Romney junior could not have migrated further from those ideals.

He is both politically and morally ambivalent. His fortune was made not in building manufacturing, but in downsizing, outsourcing, and otherwise destroying it. He has evaded transparency by only making public one year’s worth of tax information, and then only begrudgingly. He has hidden his fortune from public view and, indeed, from the view of the tax authorities. He has employed every dodge available to him. I am sure those dodges are legal. I know they are not moral.

The most revealing aspect of Romney junior’s attitude towards finance is the astonishing IRA account he has. For those of you who are unaware of what an IRA is let me explain: IRA in this context stands for Individual Retirement Account. Such accounts are designed to allow taxpayers to save a modest retirement next egg by setting aside a small tax free amount each year. So the amount going into a person’s IRA reduces their taxable income. The money only becomes taxable when the person withdraws it later in life. The notion being that a retiree generally has a lower average tax rate than a fully employed worker so there is a tax incentive to save in an IRA. Here’s the main point: the legislation took into account that setting up tax sheltering accounts could be a big break for the wealthy and since the target for IRAs were lower income earners who might otherwise find it hard to save for retirement it put a cap on them. There is an annual cap on how much income can be sheltered. Because of this IRA’s are viewed as a middle class product.

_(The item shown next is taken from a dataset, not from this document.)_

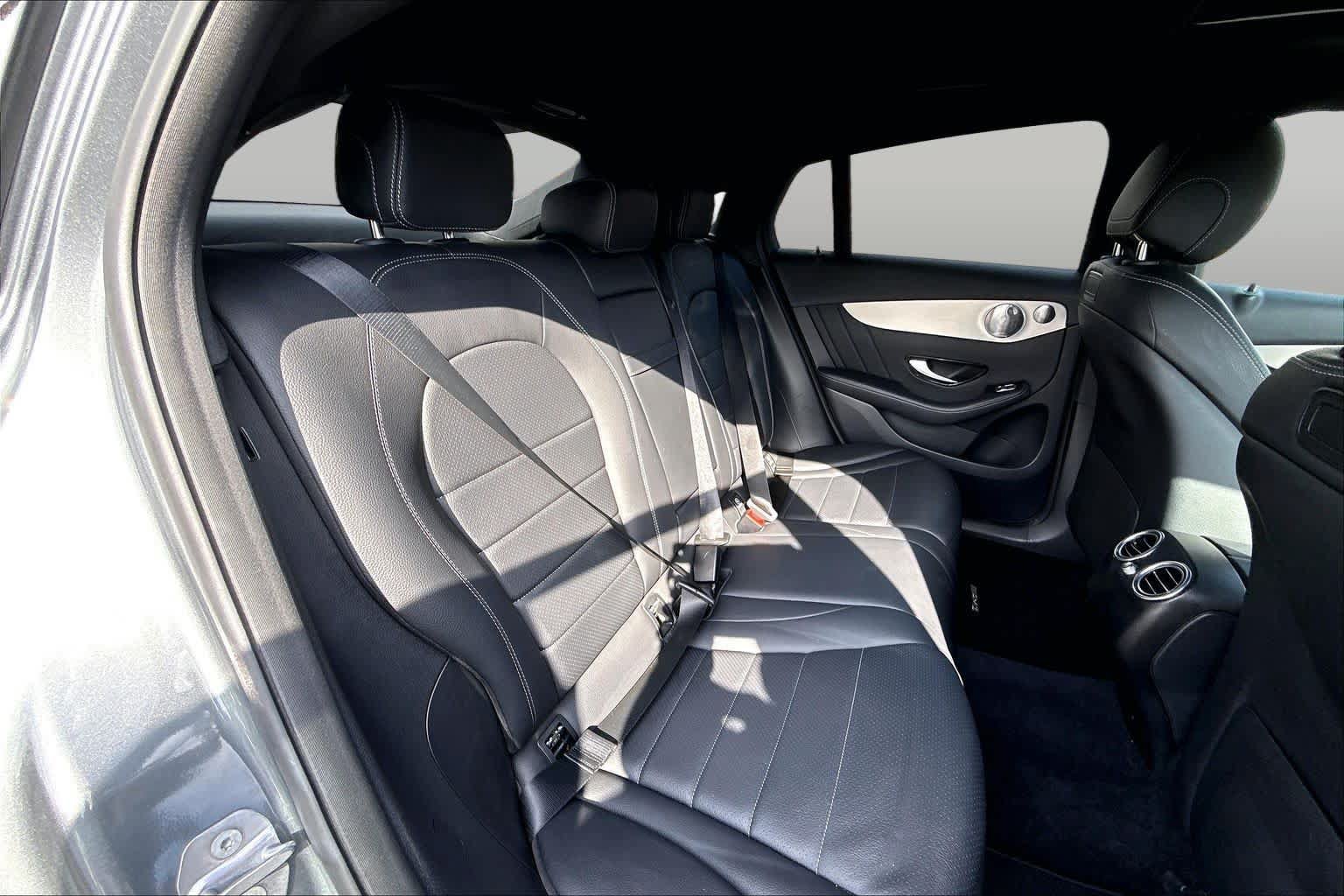 Used 2019 Mercedes-Benz GLC 300 4MATIC Coupe image 19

Romney has an IRA account. Fair enough. He’s entitled to one. But it has around $100 million in it. Or, rather, it is so hard to tell exactly what he has in it that its valuation varies between $20 and $101 million. That’s a lot of years at the current rate of a maximum $5,000, (or $6,000 if you’re older than 50 at the time you save the money). It is many lifetime’s worth of savings at $5,000 a year. Many, many lifetime’s. A quick look at the tax code tells me that excess contributions to your IRA account are subject to a 6% tax per year as long as the excess remains in the account.

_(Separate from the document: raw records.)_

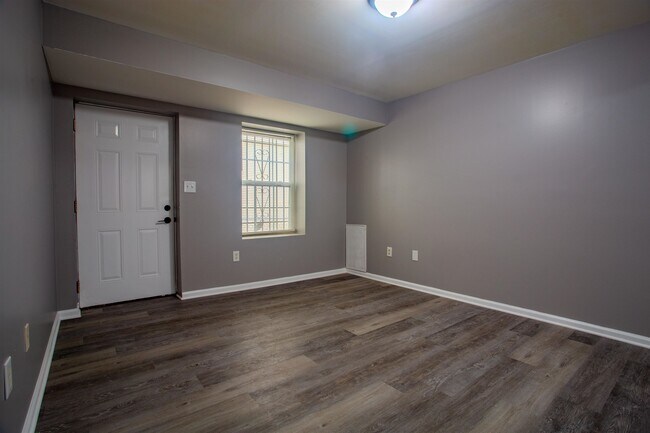 Photo - 280 Jelliff Ave Unidad 1 (GND)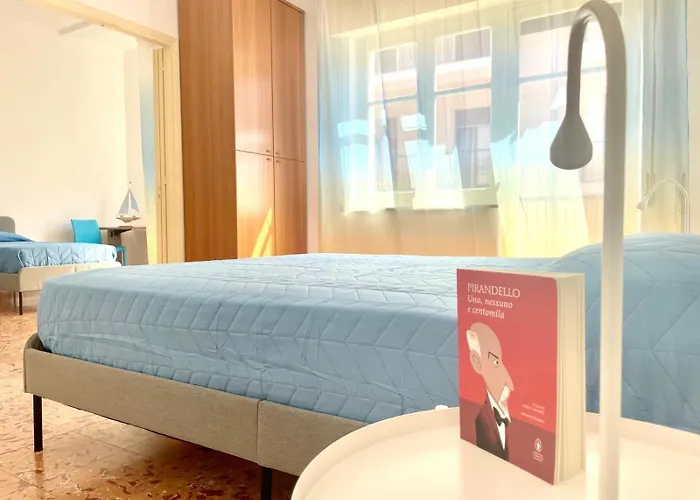 Pirandello House Апартаменти *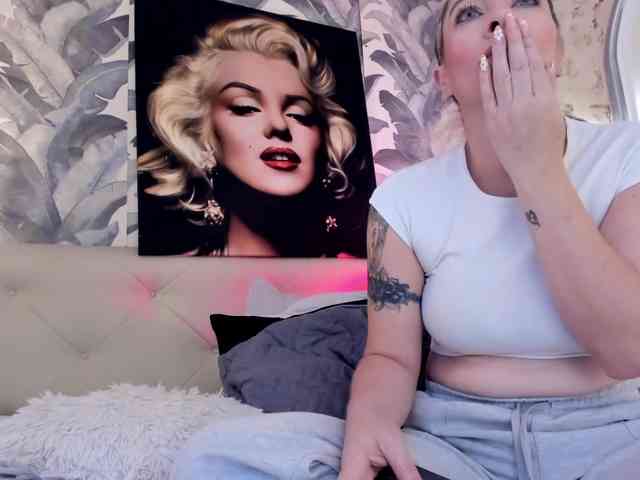 viktoria-davis webcam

So how come Romney has such a large IRA account? Is he dutifully forking over 6% of the excess each year? Or has he exploited some loophole to park a ton of income in a shelter designed for the middle class? What do you think?

The upshot is this: no matter how legal everything Romney is doing and has done, and I imagine it stays within the law by a hair, he can make no claim to being a morally upright citizen. He is the poster child for his generation. They found ways of making fortunes by trashing the economy, by exploiting loopholes, by treading close to the edge of the law, and by employing clever financial gimmicks. along the way the undermined the economy’s ability to sustain sufficient growth such that everyone was lifted equally. They both created and encouraged greater and greater inequality. They syphoned off capital for themselves rather than put it to work building anything. They focused on the short term not the long term. They worked hard to capture entire sections of the economy for their own use.

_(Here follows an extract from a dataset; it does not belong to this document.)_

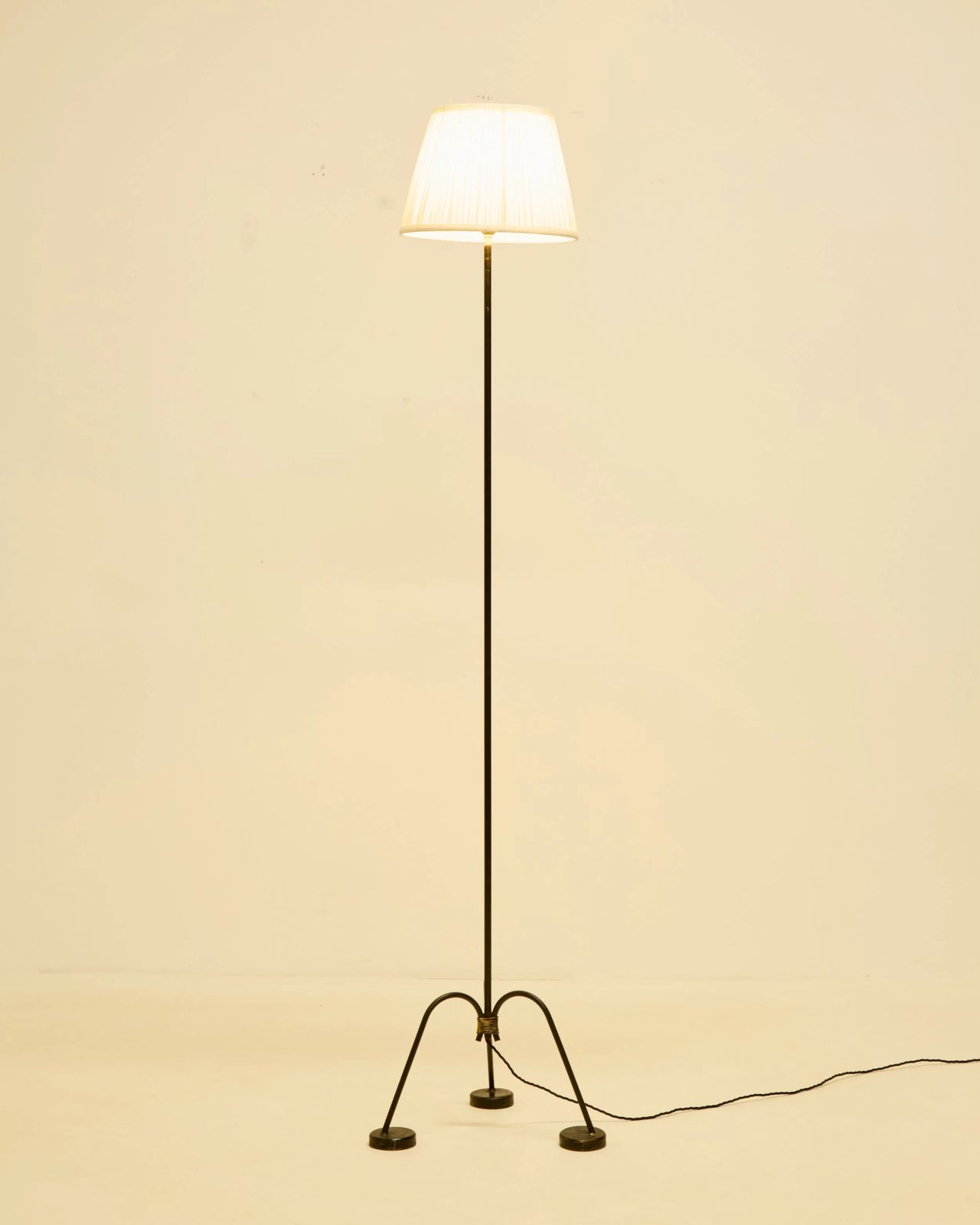 Smeedijzeren vloerlamp, ca. jaren 1950, vintage photo for sale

And they see nothing wrong with this. Nothing.

To people such as Romney the economy is all fair game. Everything that can be bought and sold is either bought or sold. Nothing is beyond the marketplace. Non-financial values are subordinated to finance or set aside as reflections of a bygone, less efficient, era. The economy has become a great big playpen in which these privileged children can frolic and amass great wealth without actually advancing it at all. They have become the elite of an unproductive generation. Unproductive because its elite focused on acquiring wealth by extracting it from the existing business rather than by creating new business. Getting rich is a goal in itself, not a by-product of invention, innovation, flair, risk taking, or contributing to society as a whole. These are the new rich. They are the true entitlement mill stone around the economy’s neck. They are a burden on the rest of us. They don’t contribute much. But they sure as hell extract a lot.

Oh. And by the way: Romney has a variety of other “offshore” accounts. One or two in the Cayman Islands. All legitimate I imagine. After all once you’ve become used to offshoring jobs to get wealthy, why not just keep on offshoring? You may as well offshore the wealth too. It helps cut your tax bill. And we all know that paying taxes is so … well … so for the little people.